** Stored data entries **
━━━━━━

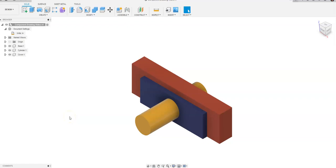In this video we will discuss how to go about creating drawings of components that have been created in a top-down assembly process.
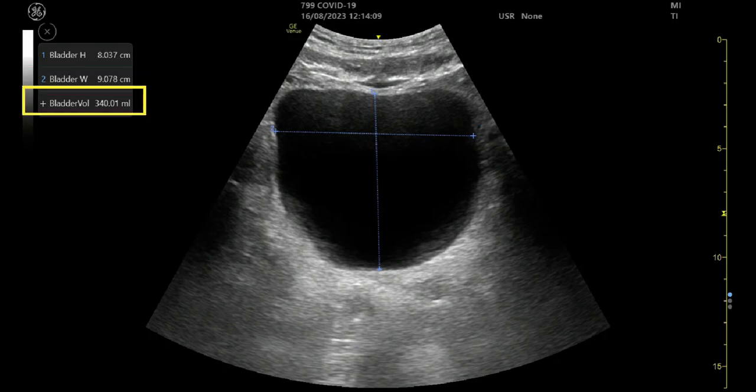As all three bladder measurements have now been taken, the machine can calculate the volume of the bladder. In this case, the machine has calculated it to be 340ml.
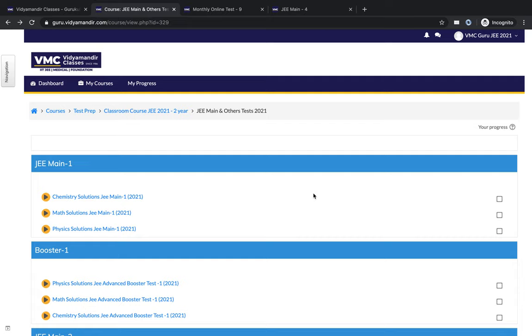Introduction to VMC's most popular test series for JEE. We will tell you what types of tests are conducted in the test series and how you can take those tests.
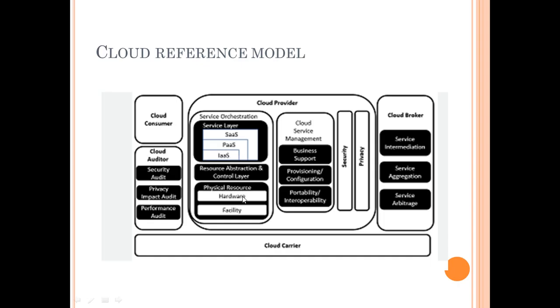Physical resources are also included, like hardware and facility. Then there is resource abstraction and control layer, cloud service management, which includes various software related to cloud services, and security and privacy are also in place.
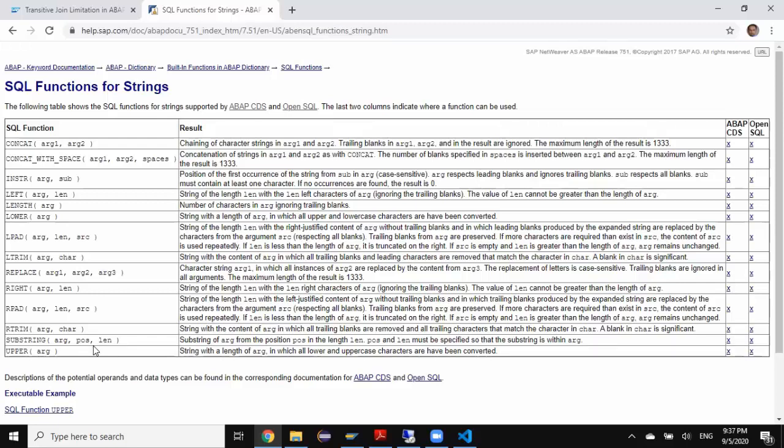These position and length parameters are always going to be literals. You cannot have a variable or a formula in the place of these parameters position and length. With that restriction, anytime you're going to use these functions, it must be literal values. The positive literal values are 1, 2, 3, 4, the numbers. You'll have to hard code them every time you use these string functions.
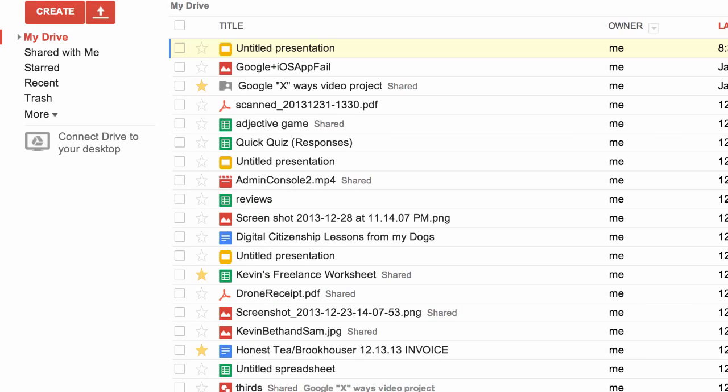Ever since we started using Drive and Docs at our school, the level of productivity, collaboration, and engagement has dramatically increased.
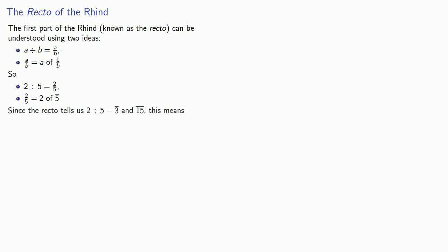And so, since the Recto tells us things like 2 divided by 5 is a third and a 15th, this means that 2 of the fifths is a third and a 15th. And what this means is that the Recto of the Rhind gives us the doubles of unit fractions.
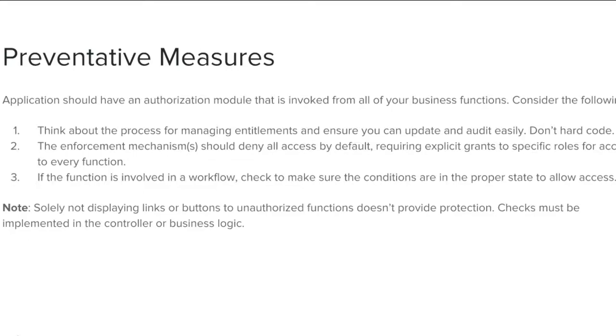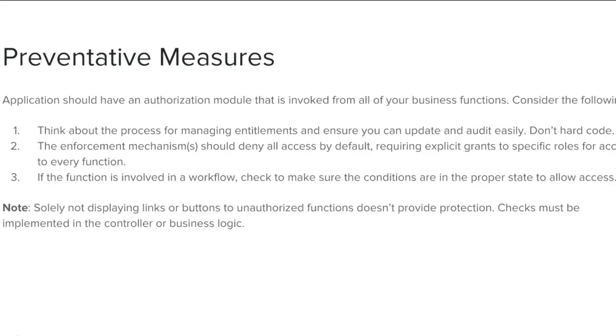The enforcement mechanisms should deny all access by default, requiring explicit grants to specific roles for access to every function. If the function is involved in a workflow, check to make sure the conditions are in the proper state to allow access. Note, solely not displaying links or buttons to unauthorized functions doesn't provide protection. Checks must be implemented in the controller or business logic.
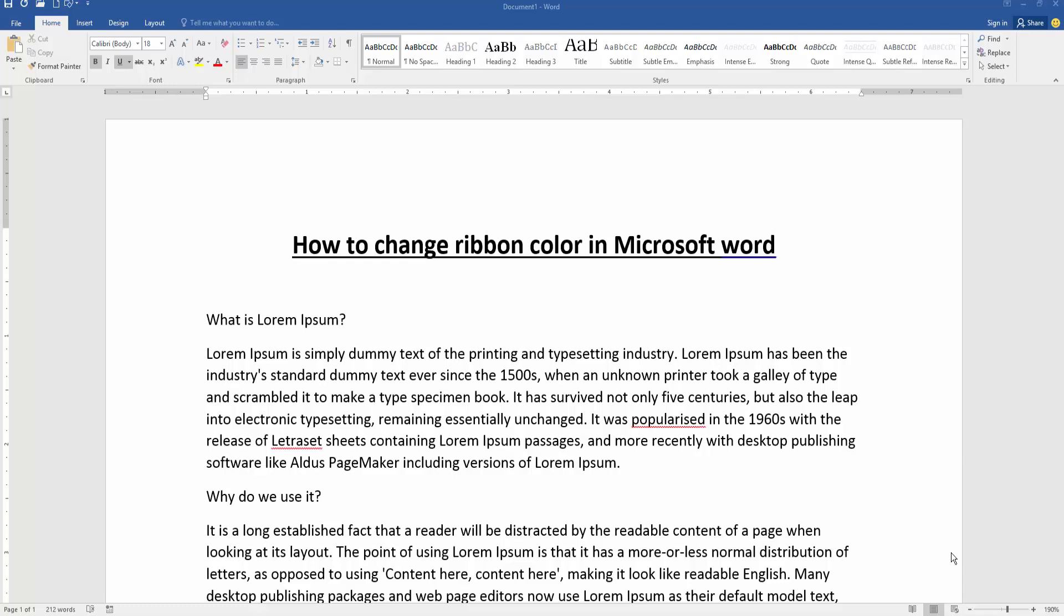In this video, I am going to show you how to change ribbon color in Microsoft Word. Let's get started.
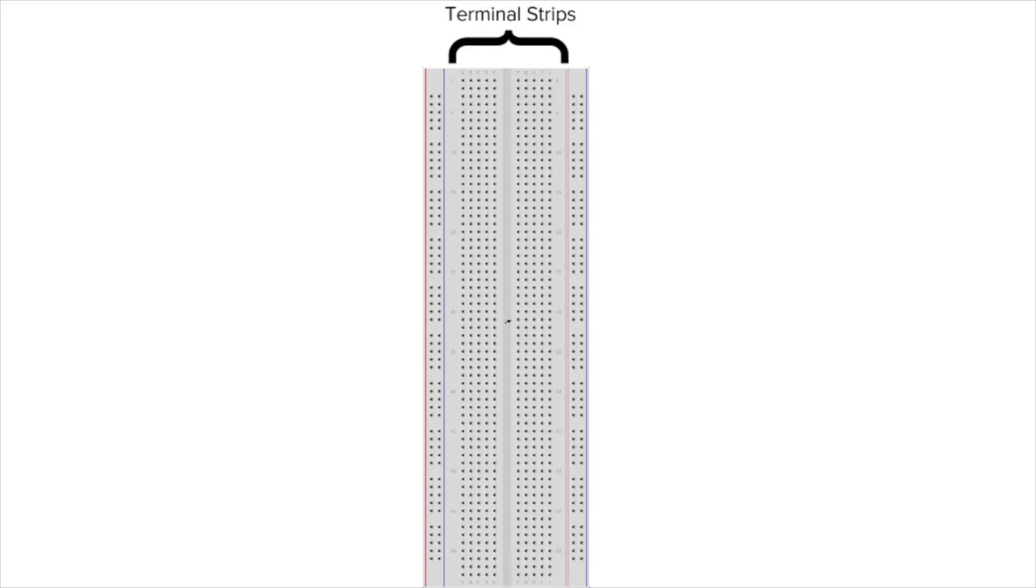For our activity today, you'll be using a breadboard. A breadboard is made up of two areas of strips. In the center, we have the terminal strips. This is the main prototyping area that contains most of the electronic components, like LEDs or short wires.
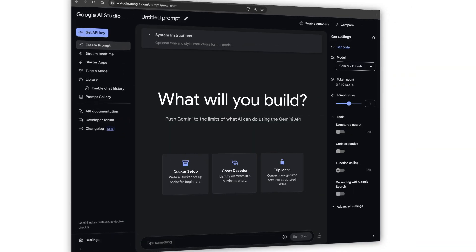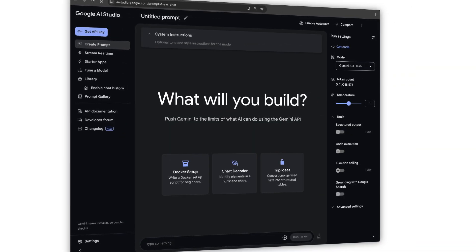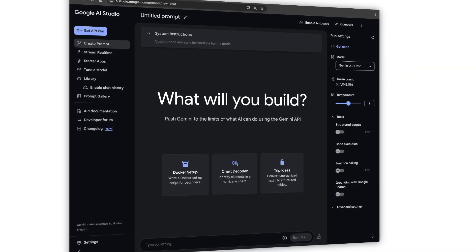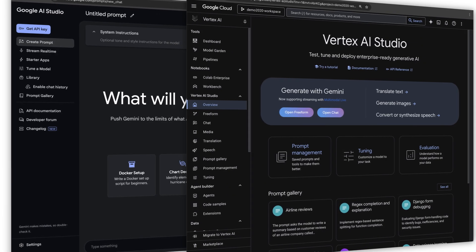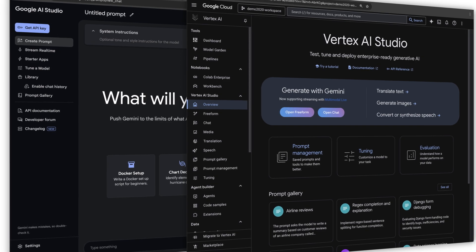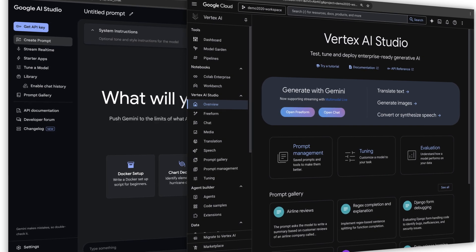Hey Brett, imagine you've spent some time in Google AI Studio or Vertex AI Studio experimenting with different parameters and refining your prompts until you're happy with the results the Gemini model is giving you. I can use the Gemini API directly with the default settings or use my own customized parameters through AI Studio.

━━━━━━

** Task objective **
In the entries above, every line from the line with "The enforcement mechanisms" to the line with "In this video, I" is to be printed exactly, with both ends included and pictures excluded.

** Solution to this problem **
The enforcement mechanisms should deny all access by default, requiring explicit grants to specific roles for access to every function. If the function is involved in a workflow, check to make sure the conditions are in the proper state to allow access. Note, solely not displaying links or buttons to unauthorized functions doesn't provide protection. Checks must be implemented in the controller or business logic.
In this video, I am going to show you how to change ribbon color in Microsoft Word. Let's get started.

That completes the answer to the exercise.